New York-based FX said yesterday that it would close its investment management business and liquidate all of its hedge funds. The firm expects the process to be completed by the end of next month.
"Assets at the firm have dropped to levels that can no longer sustain the business," FX vice-chairman Jonathan Clark said. "The board has concluded that it is in the best interest of the firm's investors to conduct an orderly wind-down of open positions, close its funds and hand back any remaining mandates to clients."
FX, founded by John Taylor in 1981, was once the largest currency hedge fund in the world, with a peak of $14.2 billion in assets in 2007. That figure has dwindled to just $621 million—most of which belongs to the San Francisco Employees' Retirement System, which last month moved to redeem the entire amount.

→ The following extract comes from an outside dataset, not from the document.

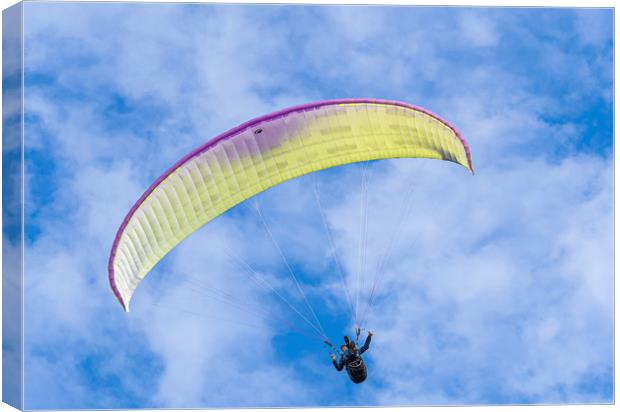 Paragliding at Newgale in Pembrokeshire, Wales. Canvas Print by Colin Allen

FX said it will remain in the newsletter and currency-overlay business. Chief strategist Robert Savage told Reuters that the firm plans to "regroup and rethink our strategy and come up with a way to re-create ourselves."
The firm will lay off nearly half of its employees, nine of the remaining 20; the firm had already laid off a dozen over the past two weeks. At its peak, FX employed about 60 people. The firm will also close its London and Singapore offices.
FX has been battered by a brutal environment for quantitative hedge funds. Taylor said in July that "trend-following is dead" due to "financial markets pushed by political and central bank diktats."
Savage, who earlier this week said that almost anything, including a bankruptcy filing, was on the table, said that the board reached its decision on Tuesday, adding that the firm seeks to be acquired by another hedge fund or private-equity firm, and that FX was in talks with potential buyers.